▸ Task
Take the records below and retype them line by line, from the first line through the one containing "Map of Coldwater, Ohio, 12"; stop there.

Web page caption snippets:
§
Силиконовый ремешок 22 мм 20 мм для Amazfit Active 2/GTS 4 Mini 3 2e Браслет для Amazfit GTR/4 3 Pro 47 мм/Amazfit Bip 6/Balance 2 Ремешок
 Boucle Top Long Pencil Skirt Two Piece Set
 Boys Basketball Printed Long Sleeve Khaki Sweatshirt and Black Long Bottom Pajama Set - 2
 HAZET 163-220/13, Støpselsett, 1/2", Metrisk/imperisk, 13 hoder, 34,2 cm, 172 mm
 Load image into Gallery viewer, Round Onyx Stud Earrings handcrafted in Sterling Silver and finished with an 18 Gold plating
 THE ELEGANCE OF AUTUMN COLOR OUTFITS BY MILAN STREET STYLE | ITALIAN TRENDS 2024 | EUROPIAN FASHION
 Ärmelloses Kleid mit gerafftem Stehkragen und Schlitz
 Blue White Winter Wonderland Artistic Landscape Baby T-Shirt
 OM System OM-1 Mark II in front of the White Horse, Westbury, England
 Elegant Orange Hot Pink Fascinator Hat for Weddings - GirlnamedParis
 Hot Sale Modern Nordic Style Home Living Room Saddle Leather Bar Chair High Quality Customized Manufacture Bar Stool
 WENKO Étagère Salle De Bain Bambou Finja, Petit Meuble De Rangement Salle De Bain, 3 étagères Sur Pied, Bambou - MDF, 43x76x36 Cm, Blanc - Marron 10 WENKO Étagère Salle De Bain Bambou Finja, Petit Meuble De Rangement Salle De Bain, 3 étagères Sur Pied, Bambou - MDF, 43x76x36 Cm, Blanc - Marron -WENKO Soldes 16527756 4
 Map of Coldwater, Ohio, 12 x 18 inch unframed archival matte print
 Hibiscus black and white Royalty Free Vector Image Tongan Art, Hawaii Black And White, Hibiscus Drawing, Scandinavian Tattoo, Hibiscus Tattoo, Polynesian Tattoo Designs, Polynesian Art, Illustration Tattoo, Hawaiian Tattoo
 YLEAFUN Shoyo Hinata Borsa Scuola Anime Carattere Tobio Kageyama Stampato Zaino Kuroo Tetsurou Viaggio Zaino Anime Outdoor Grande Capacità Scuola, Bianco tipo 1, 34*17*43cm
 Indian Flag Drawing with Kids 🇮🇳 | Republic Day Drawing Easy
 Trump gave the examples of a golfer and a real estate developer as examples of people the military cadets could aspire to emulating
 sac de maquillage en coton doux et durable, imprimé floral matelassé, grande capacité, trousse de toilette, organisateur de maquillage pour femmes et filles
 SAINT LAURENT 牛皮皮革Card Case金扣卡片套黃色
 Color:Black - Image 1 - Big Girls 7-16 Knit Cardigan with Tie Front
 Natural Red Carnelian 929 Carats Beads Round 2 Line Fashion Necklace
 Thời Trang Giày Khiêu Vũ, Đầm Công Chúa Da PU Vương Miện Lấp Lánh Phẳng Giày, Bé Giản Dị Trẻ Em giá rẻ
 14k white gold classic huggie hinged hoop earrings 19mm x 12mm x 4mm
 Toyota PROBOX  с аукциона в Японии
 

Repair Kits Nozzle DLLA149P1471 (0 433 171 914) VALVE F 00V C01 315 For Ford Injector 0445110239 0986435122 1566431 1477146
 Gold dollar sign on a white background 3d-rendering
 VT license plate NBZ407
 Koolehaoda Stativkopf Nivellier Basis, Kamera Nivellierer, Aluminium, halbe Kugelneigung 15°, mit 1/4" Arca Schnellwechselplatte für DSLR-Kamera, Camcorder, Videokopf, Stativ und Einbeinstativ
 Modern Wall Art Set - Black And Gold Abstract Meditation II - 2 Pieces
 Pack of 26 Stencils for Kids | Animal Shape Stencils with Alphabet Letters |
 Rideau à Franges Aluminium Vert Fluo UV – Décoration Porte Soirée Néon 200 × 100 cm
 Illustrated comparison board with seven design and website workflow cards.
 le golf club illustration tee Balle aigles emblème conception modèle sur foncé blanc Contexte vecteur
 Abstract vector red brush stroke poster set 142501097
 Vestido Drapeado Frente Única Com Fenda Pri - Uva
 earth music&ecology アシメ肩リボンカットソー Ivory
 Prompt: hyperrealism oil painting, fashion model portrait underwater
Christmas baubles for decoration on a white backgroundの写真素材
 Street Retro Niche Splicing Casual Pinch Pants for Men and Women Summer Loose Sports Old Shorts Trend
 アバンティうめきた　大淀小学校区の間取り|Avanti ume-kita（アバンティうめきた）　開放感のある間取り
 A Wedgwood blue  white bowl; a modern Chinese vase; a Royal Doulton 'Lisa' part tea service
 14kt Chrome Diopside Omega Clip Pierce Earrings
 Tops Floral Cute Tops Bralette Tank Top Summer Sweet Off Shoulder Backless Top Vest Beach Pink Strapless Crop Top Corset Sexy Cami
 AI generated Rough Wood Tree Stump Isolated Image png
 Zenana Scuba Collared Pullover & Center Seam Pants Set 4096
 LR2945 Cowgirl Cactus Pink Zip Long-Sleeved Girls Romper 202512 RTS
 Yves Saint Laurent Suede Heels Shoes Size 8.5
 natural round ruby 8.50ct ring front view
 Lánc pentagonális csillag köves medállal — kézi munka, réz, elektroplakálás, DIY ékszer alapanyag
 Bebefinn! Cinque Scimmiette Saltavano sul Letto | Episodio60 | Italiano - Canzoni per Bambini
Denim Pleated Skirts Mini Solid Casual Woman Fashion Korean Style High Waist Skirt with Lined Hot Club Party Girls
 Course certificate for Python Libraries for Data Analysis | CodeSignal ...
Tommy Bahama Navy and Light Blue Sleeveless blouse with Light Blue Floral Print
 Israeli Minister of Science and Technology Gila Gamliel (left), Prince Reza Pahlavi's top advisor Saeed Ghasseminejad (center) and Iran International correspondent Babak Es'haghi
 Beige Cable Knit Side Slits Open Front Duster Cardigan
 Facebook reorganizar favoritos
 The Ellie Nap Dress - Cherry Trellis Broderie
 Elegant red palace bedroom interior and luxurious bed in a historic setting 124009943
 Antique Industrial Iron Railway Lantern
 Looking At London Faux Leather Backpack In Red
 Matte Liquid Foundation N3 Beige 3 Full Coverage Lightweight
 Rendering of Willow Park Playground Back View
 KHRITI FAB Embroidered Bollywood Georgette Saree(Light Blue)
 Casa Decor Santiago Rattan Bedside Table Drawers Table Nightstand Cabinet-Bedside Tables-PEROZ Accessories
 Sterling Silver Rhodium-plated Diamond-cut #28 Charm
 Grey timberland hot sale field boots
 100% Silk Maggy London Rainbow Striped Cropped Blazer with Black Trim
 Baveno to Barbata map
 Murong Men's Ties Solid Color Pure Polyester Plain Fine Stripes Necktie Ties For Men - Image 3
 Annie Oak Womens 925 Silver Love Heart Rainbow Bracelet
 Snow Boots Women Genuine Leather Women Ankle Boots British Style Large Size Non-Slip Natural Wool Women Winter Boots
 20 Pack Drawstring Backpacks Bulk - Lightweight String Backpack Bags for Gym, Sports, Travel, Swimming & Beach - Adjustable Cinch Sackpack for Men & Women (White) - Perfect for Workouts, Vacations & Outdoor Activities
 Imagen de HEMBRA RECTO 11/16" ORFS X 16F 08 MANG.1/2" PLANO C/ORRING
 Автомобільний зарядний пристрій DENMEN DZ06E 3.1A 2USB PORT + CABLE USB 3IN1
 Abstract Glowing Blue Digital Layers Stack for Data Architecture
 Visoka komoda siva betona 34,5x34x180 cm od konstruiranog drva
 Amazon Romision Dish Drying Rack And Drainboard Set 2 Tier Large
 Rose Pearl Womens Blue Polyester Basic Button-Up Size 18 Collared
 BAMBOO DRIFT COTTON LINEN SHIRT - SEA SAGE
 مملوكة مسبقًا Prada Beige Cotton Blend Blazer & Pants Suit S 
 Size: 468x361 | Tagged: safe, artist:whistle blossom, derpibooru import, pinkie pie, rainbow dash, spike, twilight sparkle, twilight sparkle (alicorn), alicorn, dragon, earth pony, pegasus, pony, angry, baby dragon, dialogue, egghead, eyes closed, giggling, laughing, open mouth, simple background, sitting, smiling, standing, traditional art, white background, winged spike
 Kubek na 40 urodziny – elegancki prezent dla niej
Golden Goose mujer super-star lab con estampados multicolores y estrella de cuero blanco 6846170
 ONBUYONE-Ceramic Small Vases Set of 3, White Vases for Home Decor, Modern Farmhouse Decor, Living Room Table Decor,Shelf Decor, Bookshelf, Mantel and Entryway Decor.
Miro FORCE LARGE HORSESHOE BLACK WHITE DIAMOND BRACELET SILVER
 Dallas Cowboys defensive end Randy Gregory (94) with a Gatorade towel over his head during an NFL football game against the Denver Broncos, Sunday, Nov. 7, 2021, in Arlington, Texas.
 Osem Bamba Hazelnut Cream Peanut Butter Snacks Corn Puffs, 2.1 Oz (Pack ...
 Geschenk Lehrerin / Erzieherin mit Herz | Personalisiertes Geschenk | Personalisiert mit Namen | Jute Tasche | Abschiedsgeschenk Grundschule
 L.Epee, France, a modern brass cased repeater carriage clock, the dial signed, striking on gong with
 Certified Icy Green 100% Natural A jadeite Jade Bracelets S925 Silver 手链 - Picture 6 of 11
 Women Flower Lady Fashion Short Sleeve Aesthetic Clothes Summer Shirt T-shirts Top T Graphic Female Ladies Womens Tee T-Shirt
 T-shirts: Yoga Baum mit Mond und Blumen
§
▸ Response
Силиконовый ремешок 22 мм 20 мм для Amazfit Active 2/GTS 4 Mini 3 2e Браслет для Amazfit GTR/4 3 Pro 47 мм/Amazfit Bip 6/Balance 2 Ремешок
 Boucle Top Long Pencil Skirt Two Piece Set
 Boys Basketball Printed Long Sleeve Khaki Sweatshirt and Black Long Bottom Pajama Set - 2
 HAZET 163-220/13, Støpselsett, 1/2", Metrisk/imperisk, 13 hoder, 34,2 cm, 172 mm
 Load image into Gallery viewer, Round Onyx Stud Earrings handcrafted in Sterling Silver and finished with an 18 Gold plating
 THE ELEGANCE OF AUTUMN COLOR OUTFITS BY MILAN STREET STYLE | ITALIAN TRENDS 2024 | EUROPIAN FASHION
 Ärmelloses Kleid mit gerafftem Stehkragen und Schlitz
 Blue White Winter Wonderland Artistic Landscape Baby T-Shirt
 OM System OM-1 Mark II in front of the White Horse, Westbury, England
 Elegant Orange Hot Pink Fascinator Hat for Weddings - GirlnamedParis
 Hot Sale Modern Nordic Style Home Living Room Saddle Leather Bar Chair High Quality Customized Manufacture Bar Stool
 WENKO Étagère Salle De Bain Bambou Finja, Petit Meuble De Rangement Salle De Bain, 3 étagères Sur Pied, Bambou - MDF, 43x76x36 Cm, Blanc - Marron 10 WENKO Étagère Salle De Bain Bambou Finja, Petit Meuble De Rangement Salle De Bain, 3 étagères Sur Pied, Bambou - MDF, 43x76x36 Cm, Blanc - Marron -WENKO Soldes 16527756 4
 Map of Coldwater, Ohio, 12 x 18 inch unframed archival matte print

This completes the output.